You should create the infra for remote backend in another Terraform Project, like the aws_remote_backend_infra project in this repo's root level - https://github.com/hwang-db/tf_aws_deployment/tree/main/aws_remote_backend_infra, since we want to separate the backend infra out from any databricks project infra. As shown below, you create a separate set of tf scripts and create the S3 and DynamoDB Table. Then all other tf projects can store their state files in this remote backend.

alt text

Tips: If you want to destroy your backend infra (S3+DynamoDB), since your state files of S3 and backend infra are stored in that exact S3, to avoid falling into chicken and egg problem, you need to follow these steps:

  1. Comment out remote backend and migrate states to local backend
  2. Comment out all backend resources configs, run apply to get rid of them. Or you can run destroy.

Common Actions

To add specific workspace(s)

You just need to supply with each workspace's configuration in root level variables.tf, similar to the examples given. Then you need to add the workspaces you want into locals block and run apply.

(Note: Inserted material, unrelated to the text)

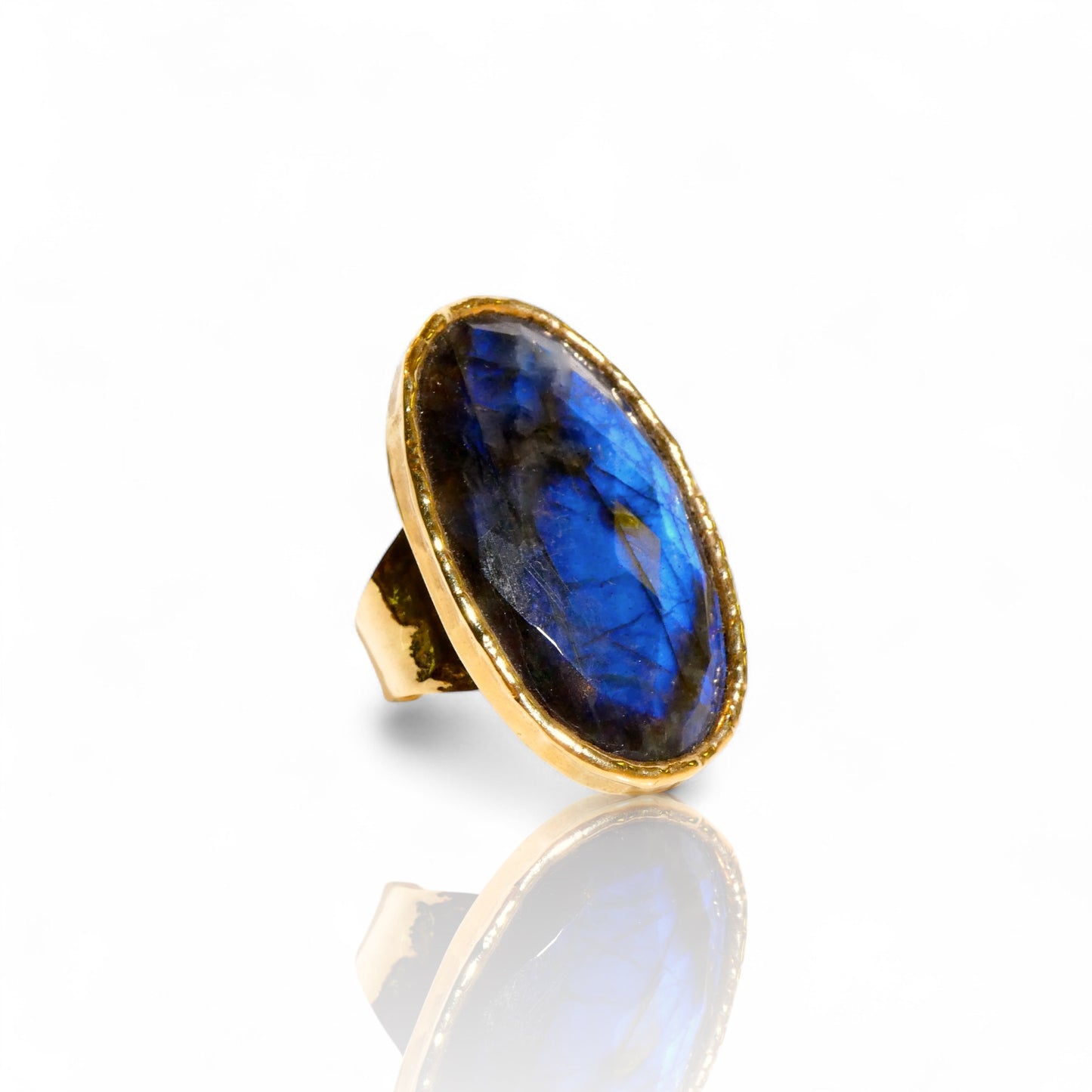 Oval Labradorite Ring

To delete specific workspace(s)

Do Not run terraform destroy or terraform destroy -target for the purpose of deleting resources. Instead, you should just remove resources from your .tf scripts and run terraform apply.

You just need to remove the workspace config from main.tf - locals block, then run terraform apply to delete the workspace. For example, to delete workspace_3, you need to remove the following lines from main.tf - locals block, it is optional to remove the same from variable block in variables.tf:

workspace_3 = var.workspace_3_config

Then run terraform apply, workspace_3 will be deleted.

Configure IAM roles, S3 access policies and Instance Profile for clusters

This template illustrates the traditional method of creating Instance Profile to grant cluster with S3 bucket access, see original official guide

The sample script in instance_profile.tf will help you create the underlying IAM role and policies for you to create instance profile at workspace level, you will find the arn from tf output, you can then manually take the value and configure at workspace admin setting page like below:

alt text

Next you need to configure permissions for users/groups to use this instance profile to spin up clusters, and the cluster will be able to access the S3 specified in the instance profile's IAM role's policy.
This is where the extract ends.